The Scottish Storytelling Centre is, in its own words, ‘a vibrant arts venue with a seasonal programme of live storytelling, theatre, music, exhibitions, workshops, family events, and festivals’. Open all year round, it hosts TradFest, a traditional arts festival in the spring, and the Scottish International Storytelling Festival in October. Predictably, in August it becomes a Fringe venue. Broadway Baby’s Richard Beck explains why the Centre is so important.

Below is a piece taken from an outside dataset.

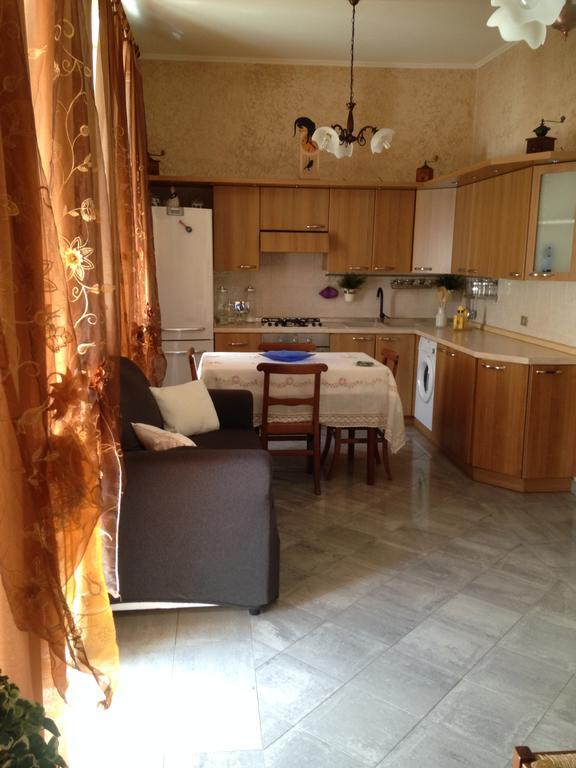 Casa Vacanza "Marina San Giuseppe" Apartment Вентимиля Екстериор снимка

Tradition, then, is a story, learned from the past, told in the present, but looking to the future
Before discovering what goes on there it is worth noting its location, as the site itself is of considerable interest. Beside the medieval city gate, Netherbow Port, The Scottish Arts Council proudly proclaims the building to be 'the first in the world designed for storytelling'. Below is the Netherbow Theatre and in what might be regarded as a transition zone from the main room and cafe, the interactive Storywall, listening area, reception and bookshop lead into the famous John Knox House, allegedly the last home of the great Protestant Reformer. The building’s website points out that to visit is not just to see another historic building but that ‘here you can walk in the footsteps of its famous inhabitants and hear the drama unfold in every room. Look out for the tricks and traps to fool intruders; hunt for the devil hiding in The Oak Room ceiling and try your hand at our portrait puzzles that have stumped many visitors in the past’.

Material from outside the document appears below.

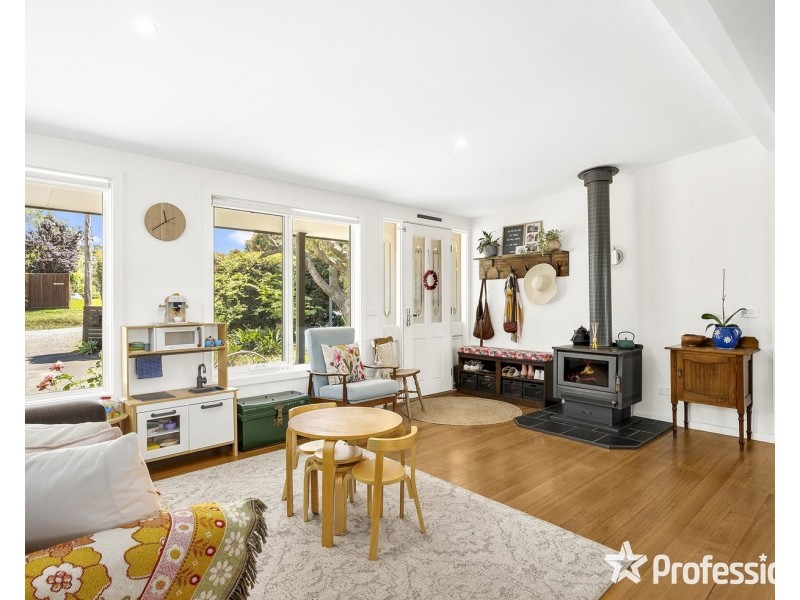 8 Wanda Avenue, Wandin North VIC 3139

It is the wide range of events that brings the Centre to life, especially during the Fringe. In 2014, and again this year, I attended Cafe Voices. This is a monthly occurrence with an extra evening in August. Each night’s guest host heralds the session with a story or two before the evening is opened to the floor. Especially at this time of year, people of all ages and many nationalities are likely to be in attendance, with well-rehearsed tales from far and wide. Of my first visit I wrote that we heard ‘traditional stories and legends from long ago filled with mythical creatures, [...] a lady from the US, another telling a tale she had previously only ever recited in German, two young lads in full tartan and a resounding finale from two newly-landed Aussies, minus luggage, who gave a hilarious poetic performance from their free Fringe show What Rhymes with Kangaroo?’ This year Diane Edgecomb told remarkable stories and tales of adventure which form part of her show A Thousand Doorways, created out of her time with the Kurds in Turkey. Inevitably, no two evenings are ever the same, but a constant is the warm, hospitable welcome to a relaxed and uninhibited environment that is extended to everyone.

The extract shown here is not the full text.